# Foreword

In this article, we will discuss the implementation of the Elman Network or Simple Recurrent Network (SRN) [1],[2] in WEKA. The implementation of Elman NN in WEKA is actually an extension to the already implemented Multilayer Perceptron (MLP) algorithm [3], so we first study MLP and it’s training algorithm, continuing with the study of Elman NN and its implementation in WEKA based on our previous article on extending WEKA [4].

# 1. Feedfordward Neural Networks: the Multilayer Perceptron (MLP)

In a feedforward network there is no feedback of the output of a neuron as input to another neuron in which it depends. For a given input $\mathbf{x}$ all the required calculations in order to compute the network’s output take place in the same direction: from input to output neurons [5].

A Multilayer Perceptron (MLP) is a feedforward network in which the neurons are organized in layers. An example of an MLP network is shown in Figure 1. The main characteristic of this type of networks is that there are no connections between the neurons on the same layer. There is one input layer, one output and zero or more hidden layers. Usually all connections begin in a neuron on a layer and end to a neuron on the next layer. Finally, the nodes on the input layer do not perform any calculation, but they simply output their inputs. [5]

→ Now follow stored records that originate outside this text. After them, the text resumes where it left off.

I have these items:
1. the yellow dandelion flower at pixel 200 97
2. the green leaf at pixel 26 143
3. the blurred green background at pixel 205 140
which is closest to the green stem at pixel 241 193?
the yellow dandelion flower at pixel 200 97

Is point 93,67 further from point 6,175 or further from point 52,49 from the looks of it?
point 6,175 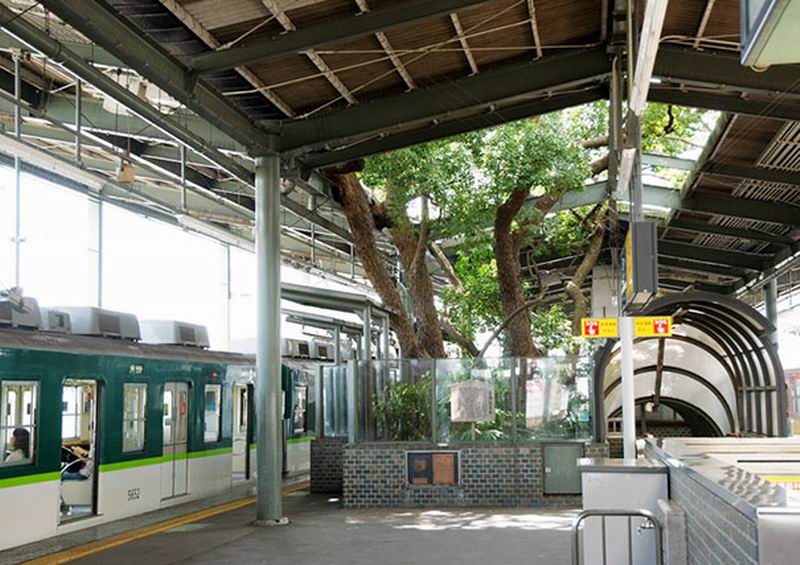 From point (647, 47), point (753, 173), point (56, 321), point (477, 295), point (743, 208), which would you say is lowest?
point (56, 321)

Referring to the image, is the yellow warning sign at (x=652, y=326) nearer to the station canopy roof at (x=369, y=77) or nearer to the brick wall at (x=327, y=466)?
the station canopy roof at (x=369, y=77)


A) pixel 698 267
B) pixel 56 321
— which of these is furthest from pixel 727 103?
pixel 698 267

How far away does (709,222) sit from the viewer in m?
20.8

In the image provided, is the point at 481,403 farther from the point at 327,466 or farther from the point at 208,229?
the point at 208,229

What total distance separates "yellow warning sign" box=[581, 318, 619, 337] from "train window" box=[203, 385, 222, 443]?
7131mm

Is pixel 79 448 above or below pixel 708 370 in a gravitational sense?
below

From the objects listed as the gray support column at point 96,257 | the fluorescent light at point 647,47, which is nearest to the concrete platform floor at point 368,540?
the fluorescent light at point 647,47

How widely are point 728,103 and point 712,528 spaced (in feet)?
32.7

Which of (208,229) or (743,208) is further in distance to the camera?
(208,229)

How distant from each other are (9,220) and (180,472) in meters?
7.33

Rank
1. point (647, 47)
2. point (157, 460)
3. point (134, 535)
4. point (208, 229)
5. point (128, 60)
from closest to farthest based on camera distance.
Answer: point (647, 47) → point (128, 60) → point (134, 535) → point (157, 460) → point (208, 229)

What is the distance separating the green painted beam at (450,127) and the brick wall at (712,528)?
919 cm

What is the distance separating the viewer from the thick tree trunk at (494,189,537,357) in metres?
19.3

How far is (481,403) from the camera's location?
1600 cm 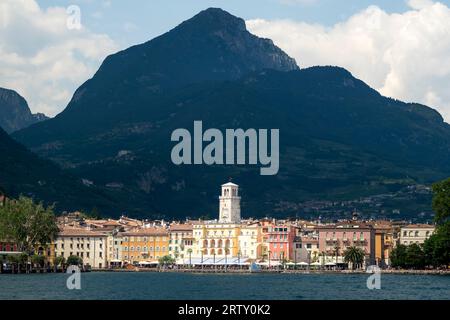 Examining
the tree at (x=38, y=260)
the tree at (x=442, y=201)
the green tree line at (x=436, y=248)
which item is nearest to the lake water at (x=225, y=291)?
the green tree line at (x=436, y=248)

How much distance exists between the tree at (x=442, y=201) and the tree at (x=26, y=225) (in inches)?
2239

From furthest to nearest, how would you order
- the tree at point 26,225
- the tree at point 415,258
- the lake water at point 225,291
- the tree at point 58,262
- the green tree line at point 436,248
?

Figure 1: A Multilayer Perceptron with 2 hidden layers

## 1.1. Training of MLP networks (error backpropagation algorithm)

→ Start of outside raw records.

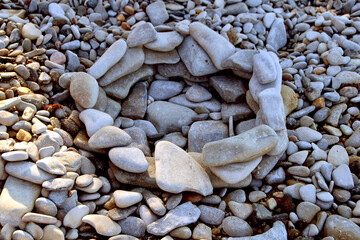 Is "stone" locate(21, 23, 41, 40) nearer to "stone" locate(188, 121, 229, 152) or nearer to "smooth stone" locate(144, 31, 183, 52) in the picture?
"smooth stone" locate(144, 31, 183, 52)

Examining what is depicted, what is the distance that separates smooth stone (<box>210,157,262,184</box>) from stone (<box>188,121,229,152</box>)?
31 centimetres

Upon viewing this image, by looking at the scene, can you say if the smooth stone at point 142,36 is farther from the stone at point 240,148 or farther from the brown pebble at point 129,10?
the stone at point 240,148

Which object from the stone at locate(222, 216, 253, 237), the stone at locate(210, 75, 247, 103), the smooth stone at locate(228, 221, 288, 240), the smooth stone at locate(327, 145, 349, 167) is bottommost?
the stone at locate(222, 216, 253, 237)

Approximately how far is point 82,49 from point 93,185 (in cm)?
110

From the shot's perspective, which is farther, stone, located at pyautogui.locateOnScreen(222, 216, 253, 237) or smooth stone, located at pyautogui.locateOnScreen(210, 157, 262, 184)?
smooth stone, located at pyautogui.locateOnScreen(210, 157, 262, 184)

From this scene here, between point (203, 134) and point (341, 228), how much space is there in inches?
33.7

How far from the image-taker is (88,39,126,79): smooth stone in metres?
2.20

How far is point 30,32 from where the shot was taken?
2.37m

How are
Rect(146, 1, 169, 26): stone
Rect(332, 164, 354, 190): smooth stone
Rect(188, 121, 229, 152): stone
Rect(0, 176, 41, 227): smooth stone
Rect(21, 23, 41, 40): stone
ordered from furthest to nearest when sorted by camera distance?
Rect(146, 1, 169, 26): stone < Rect(21, 23, 41, 40): stone < Rect(188, 121, 229, 152): stone < Rect(332, 164, 354, 190): smooth stone < Rect(0, 176, 41, 227): smooth stone

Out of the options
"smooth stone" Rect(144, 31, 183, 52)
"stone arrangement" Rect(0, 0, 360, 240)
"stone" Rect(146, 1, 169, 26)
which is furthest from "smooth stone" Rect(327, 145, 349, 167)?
"stone" Rect(146, 1, 169, 26)

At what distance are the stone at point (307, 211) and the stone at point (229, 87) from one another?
75 cm

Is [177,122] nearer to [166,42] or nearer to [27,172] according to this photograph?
[166,42]

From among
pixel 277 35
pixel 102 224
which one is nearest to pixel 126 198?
pixel 102 224

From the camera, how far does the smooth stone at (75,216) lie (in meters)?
1.59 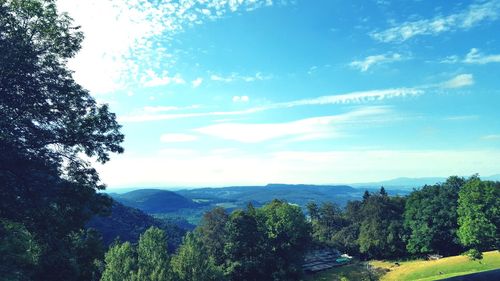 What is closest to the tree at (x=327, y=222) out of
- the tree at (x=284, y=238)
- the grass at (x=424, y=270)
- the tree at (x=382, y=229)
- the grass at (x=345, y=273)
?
the tree at (x=382, y=229)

The error backpropagation algorithm for the training of MLP networks was introduced at 1986 in a paper by Rumelhart, Hinton and Williams [6].

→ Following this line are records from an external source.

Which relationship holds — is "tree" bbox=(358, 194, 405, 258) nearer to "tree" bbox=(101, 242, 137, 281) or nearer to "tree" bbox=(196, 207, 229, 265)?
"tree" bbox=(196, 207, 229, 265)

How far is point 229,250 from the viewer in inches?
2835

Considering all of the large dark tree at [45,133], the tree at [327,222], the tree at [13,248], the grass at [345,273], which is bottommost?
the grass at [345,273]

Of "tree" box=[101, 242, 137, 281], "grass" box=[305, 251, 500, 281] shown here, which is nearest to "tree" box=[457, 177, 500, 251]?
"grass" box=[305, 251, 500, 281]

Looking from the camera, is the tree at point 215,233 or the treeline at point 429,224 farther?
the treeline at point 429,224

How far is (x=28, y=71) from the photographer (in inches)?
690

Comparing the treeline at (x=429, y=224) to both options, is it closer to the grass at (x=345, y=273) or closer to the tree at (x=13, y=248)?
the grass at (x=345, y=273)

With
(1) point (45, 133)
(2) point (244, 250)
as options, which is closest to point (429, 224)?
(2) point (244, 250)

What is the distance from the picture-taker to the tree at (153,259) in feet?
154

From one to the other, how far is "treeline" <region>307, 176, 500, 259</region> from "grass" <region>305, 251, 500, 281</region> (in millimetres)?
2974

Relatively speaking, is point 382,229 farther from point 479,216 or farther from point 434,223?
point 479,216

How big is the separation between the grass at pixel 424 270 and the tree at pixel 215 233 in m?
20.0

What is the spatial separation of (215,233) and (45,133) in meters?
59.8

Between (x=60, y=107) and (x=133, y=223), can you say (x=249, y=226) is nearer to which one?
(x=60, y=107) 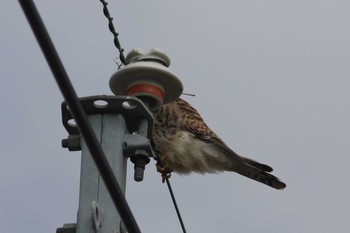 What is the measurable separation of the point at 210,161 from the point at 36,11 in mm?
5989

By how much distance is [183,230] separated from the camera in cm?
575

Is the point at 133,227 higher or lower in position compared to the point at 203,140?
lower

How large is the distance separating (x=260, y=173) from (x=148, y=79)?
4721 mm

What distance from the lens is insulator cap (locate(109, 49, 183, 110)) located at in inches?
161

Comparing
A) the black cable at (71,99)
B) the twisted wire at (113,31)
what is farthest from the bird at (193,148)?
the black cable at (71,99)

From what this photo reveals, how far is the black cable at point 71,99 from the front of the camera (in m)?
2.78

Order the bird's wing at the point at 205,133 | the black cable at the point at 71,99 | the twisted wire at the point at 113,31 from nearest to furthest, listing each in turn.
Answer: the black cable at the point at 71,99, the twisted wire at the point at 113,31, the bird's wing at the point at 205,133

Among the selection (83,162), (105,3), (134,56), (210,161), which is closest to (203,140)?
(210,161)

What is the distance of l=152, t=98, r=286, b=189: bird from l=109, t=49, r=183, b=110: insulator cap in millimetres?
3640

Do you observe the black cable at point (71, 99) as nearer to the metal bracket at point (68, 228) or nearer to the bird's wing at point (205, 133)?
the metal bracket at point (68, 228)

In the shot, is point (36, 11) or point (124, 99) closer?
point (36, 11)

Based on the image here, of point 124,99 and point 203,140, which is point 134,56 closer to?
point 124,99

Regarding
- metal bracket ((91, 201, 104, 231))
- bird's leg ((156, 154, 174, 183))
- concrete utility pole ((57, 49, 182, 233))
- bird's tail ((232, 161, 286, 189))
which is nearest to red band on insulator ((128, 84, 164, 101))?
concrete utility pole ((57, 49, 182, 233))

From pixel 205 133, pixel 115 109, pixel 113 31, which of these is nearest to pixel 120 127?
pixel 115 109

In this algorithm a set of training examples $D = \left\{ {\left( {{\mathbf{x}}^n ,{\mathbf{t}}^n } \right)} \right\},n = 1,2,..,N$ are presented to the network, where ${\mathbf{x}}^n = \left( {x_{n1} ,.. ,x_{nd} } \right)^T \in \mathbb{R}^d$ is the input vector and ${\mathbf{t}}^n = \left( {t_{n1} ,..,t_{np} } \right)^T \in \mathbb{R}^p$ is the target output. The network computes its output ${\mathbf{o}}\left( {{\mathbf{x}}^n ;{\mathbf{w}}} \right)$, where ${\mathbf{x}}^n$ is the input vector and ${\mathbf{w}} = \left( {w_1 ,..,w_L } \right)^T$ the vector containing all weights and biases of the network. [5]

We can now define the square of error function [5] as follows:

$E({\mathbf{w}}) = \frac{1} {2}\sum\limits_{n = 1}^N {\left\| {{\mathbf{t}}^n - {\mathbf{o}}\left( {{\mathbf{x}}^n ;{\mathbf{w}}} \right)} \right\|^2 } = \frac{1} {2}\sum\limits_{n = 1}^N {\sum\limits_{m = 1}^p {\left( {t_{nm} - o_m \left( {{\mathbf{x}}^n ;{\mathbf{w}}} \right)} \right)^2 } }$ (1)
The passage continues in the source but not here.